Publisher:  Booksurge ISBN-10:  1439203458 Type: 
Pages: 

521

Copyright:  2008 ISBN-13:  9781439203453
Fiction


The story of the native rights movement in Arctic Canada when southern consumers were pressing for more oil and gas.

 The story starts with a young journalist working with a Toronto weekly. He is learning his craft but he thinks that there must be more to journalism than covering parent teacher associations and council meetings. Warren leaves the weekly and starts working for the august Globe and Mail. Warren is already having trouble taking care of himself and develops a drink problem.
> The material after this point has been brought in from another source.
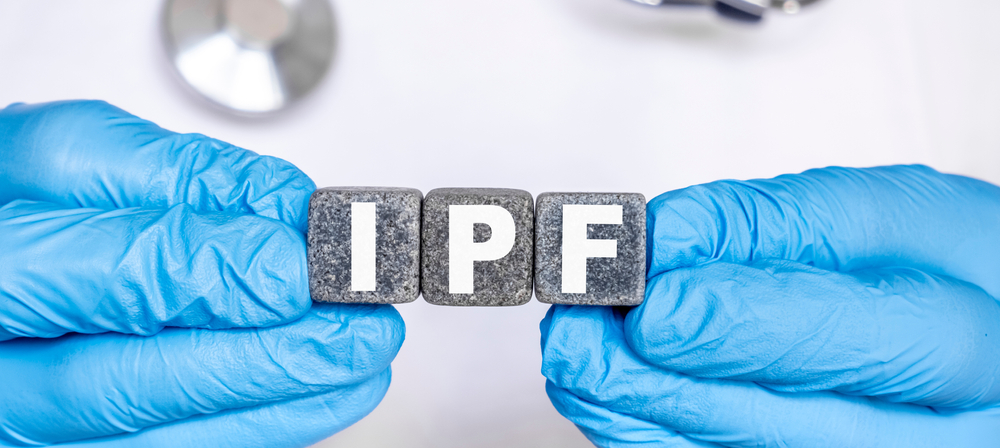 IPF idiopatická pľúcna fibróza – slovo utvorené z písmenok na kockách kameňa, ktoré drží lekár v ruke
He finds his work at the Globe unrewarding. He joins CBC Northern Service and is sent to Yellowknife to become the north's first locally based trained reporter. Warren arrives just at the native rights movement is getting organised, spurred on by the application to build a gas pipeline over treaty and native land along the Mackenzie River Valley. Warren becomes deeply involved in the clash cultures between the northern natives with their rich traditions of a hunting and trapping society and the energy starved south with its "shopping mall mentality" and belief in its own importance.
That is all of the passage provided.